An essential commodity
Steel is vital for any economy. In a lot of ways, steel consumption in an economy reflects the economy’s health. It shouldn’t surprise you that steel consumption fell by as much as 50% in some countries during the recession of 2008.
We use steel in our daily lives—whether in the car we drive, the bridges we drive on, or the homes we live in. You can describe steel’s importance in a simple quote from the World Steel Association, “steel everywhere in our lives.” The sector also supports around a million jobs in the U.S., directly or indirectly.
While steel has a definite place in our lives, as we can see in the image above, in this series, we’ll analyze the relevance of steel companies in your portfolio.
Steel types and uses
As per the World Steel Organization, there are around 3,500 different types of steel. Each category has a different process, chemical combination, shape, and use. The major types are:
- Flats: Consisting of sheets and plates and accounting for around 46% of global shipments, as per a report from the OECD
- Longs: Consisting of bars, rebars, wire rods, structural, and rail and also accounting for 46% of global shipments.

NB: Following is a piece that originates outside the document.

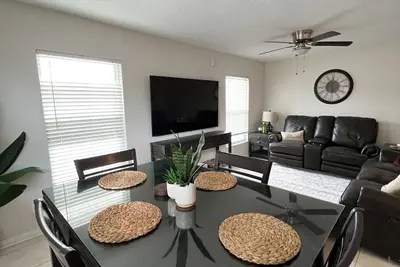 Image de Centrally Located Cozy 2 Bedroom Apartment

- Pipes and tubes: Consisting, as the name suggests, of pipes-shaped pieces and accounting for around an 8% share in world shipments
While there are a lot more categories of steel, we’ll limit our discussion to these types and move on to the more important factors that affect your investments.
Steel companies listed in the U.S.
Arcelor Mittal ADR (MT), United States Steel Corporation (X), Nucor Corporation (NUE), and Reliance Steel & Aluminum (RS) are a few major listed steel companies in the U.S. These companies benefit directly from any positive movement in the steel industry.
Along with listed steel companies, ETFs like the SPDR S&P Metals and Mining ETF (XME) are also an alternative way for you to gain exposure to the steel industry.